As I work on my rough draft for my upper-level college creative nonfiction class, I find myself at this point, with all my ducks in a row, with a story I didn't think would ever reach this level of clarity. I'm absolutely, pleasantly shocked that I've almost hit my word count.
Not only that, I wrote the last paragraph and sat a moment after re-reading it, and I began to tear up. This topic has been something I have thought about for several years, and here it is written down on paper, in Microsoft Word, and it gave me hope. While everyone is working on personal essays, I guess I also did that with my piece because I'm crying as I type up my blog post.
"The Creativity of Tortured Poets" is the embodiment of the hope I've been searching for my entire life.

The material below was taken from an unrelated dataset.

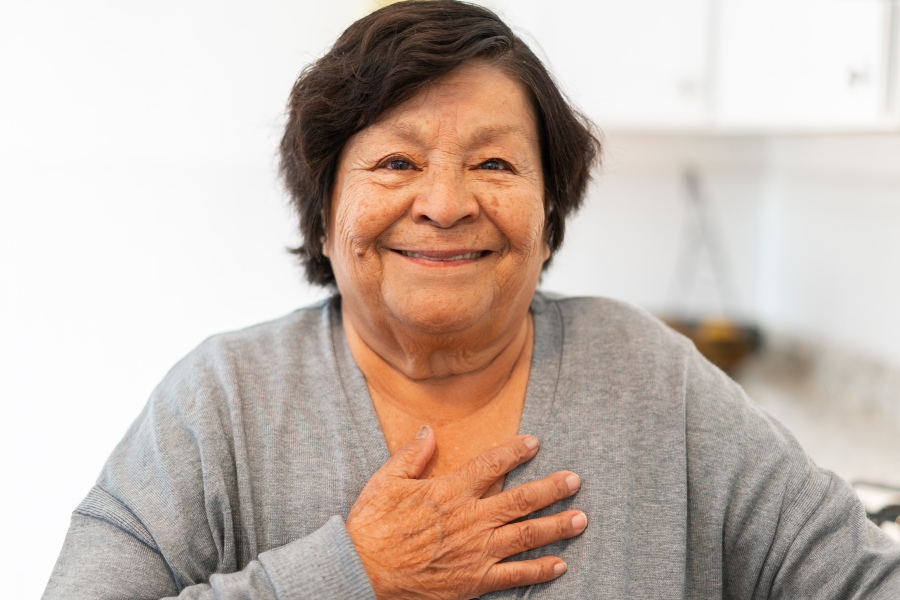 Smiling woman with a hand over her heart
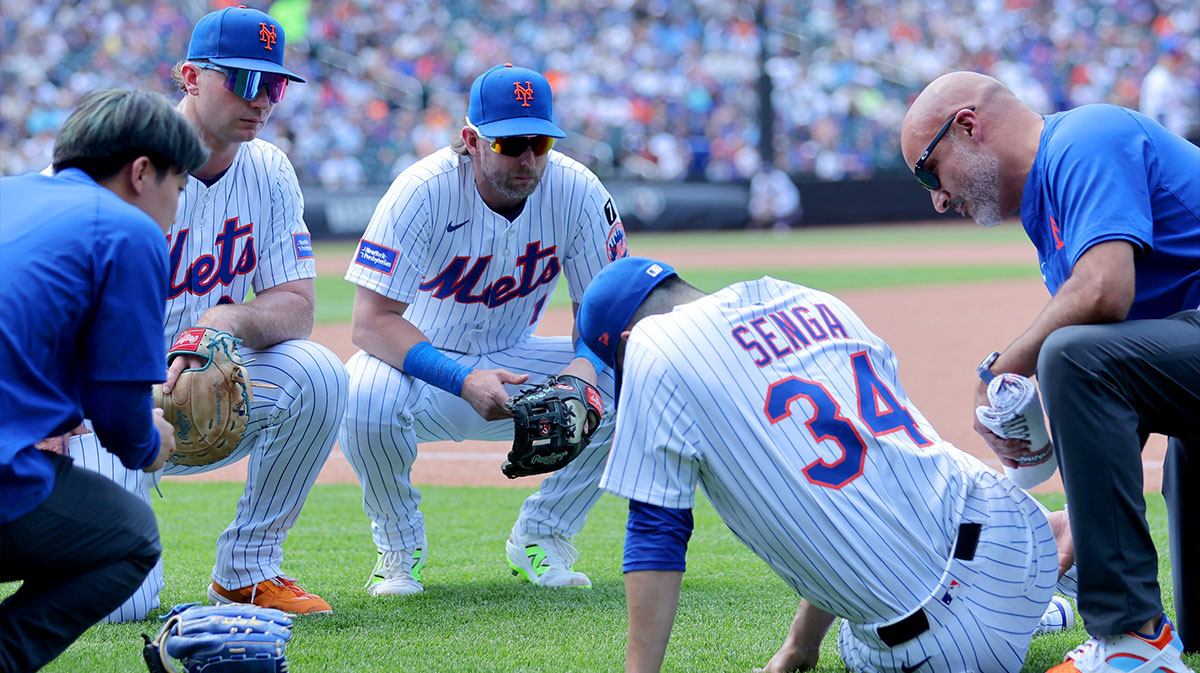 New York Mets first baseman Pete Alonso (20) and second baseman Jeff McNeil (1) watch as starting pitcher Kodai Senga (34) is tended to after sustaining an injury during the sixth inning against the Washington Nationals at Citi Field.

I want to share a sliver of what I wrote because it punched me right in the feels:
(On being a writer) It's a solitary career choice, with long nights
staring at your blinking cursor and wondering why words make zero sense. At the
end of every wordless night, it's a choice we make to suffer with our art and
our creativity. With that suffrage, we come to find that creating is something we simply suffer with, in the name of art; no, it's something we hold
on to with both hands as it transports us to worlds unknown. It heals the past
hurts that haunt the pages of text we bleed, in the name of our craft, for the
hope of better days and for others, just like us, who read our words and feel
that tiny spark of understanding we once felt long ago that started our hunger for
understanding.
For being truly understood.
And what is creativity, if not the extension of our trying to be understood?